I am sure other members can give you a more complete response, but first thing that comes to my mind is that as far as I know denoising is dataset dependent, which means your control samples may end up with different ASVs depending on the context (denoising run), which is causing the different observed diversities that you reported. Therefore, it is possibly not enough to use the same control fastqs and parameters throughout your two pipelines, maybe you should denoise all of your samples together and separate the datasets afterwards. Alternatively, if each dataset represents a different sequencing run, maybe you should run denoising in parallel respecting the grouping of the sequencing runs and merge/separate these samples as you like after denoising.
As @vheidrich suggests above, if you’re denoising multiple sequencing runs with DADA2, you should not merge your data prior to denoising; it can mess with the error model.

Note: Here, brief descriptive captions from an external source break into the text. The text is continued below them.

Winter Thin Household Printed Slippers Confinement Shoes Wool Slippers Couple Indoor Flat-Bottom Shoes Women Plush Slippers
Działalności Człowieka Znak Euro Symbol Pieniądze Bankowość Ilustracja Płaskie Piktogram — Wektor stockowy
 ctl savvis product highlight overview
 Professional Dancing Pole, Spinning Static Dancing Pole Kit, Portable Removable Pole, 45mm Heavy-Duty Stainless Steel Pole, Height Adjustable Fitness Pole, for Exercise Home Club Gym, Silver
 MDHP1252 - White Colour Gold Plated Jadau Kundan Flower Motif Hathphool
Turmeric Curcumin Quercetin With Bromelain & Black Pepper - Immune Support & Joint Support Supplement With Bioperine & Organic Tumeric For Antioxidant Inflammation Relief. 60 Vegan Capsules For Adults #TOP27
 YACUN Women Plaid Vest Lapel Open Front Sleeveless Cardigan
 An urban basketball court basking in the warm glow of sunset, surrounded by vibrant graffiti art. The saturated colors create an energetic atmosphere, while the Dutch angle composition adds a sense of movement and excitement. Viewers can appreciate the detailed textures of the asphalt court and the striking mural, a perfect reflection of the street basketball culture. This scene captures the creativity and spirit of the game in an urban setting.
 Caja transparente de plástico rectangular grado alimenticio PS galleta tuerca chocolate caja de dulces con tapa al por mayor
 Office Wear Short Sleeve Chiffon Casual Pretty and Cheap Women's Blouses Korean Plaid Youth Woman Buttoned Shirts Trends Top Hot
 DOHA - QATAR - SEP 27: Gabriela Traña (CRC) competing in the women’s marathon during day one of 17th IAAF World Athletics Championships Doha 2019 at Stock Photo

Deblur is not similarly affected, AFAIK.
If you are using core-metrics, core-metrics-phylogenetic, or any other workflow in which you rarefy your data, you are randomly subsampling without replacement prior to calculating diversity. Depending on a few factors (e.g. sampling depth), variations in outcome based on this random subsampling can be significant. The deeper you sample, the more representative your outcomes will be.
Thanks for your suggestion. I dont have multiple sequencing runs. Now I am thinking of doing denoising all my fastqs. Then separate my samples as two different data set but keep the control in both sets. Do you know how to separate the output of denoised samples?
Thanks for the suggestion. I filtered the table.qza and did the diversity analyses. Still, I got a minor difference between the control from the two data sets.
Now I don’t know what would be the reason for getting different values? e.g. observed features for the same controls are different in two different datasets.
Hi! Sorry for delayed reply.
If you applied a rarefaction to certain sequencing depth before calculation of diversity metrics then minor differences in metrics may be observed since rarefaction is a random subsampling of reads from each sample.
Even repeating the analysis with the same dataset and rarefaction depth may produce a minor differences in diversity metrics.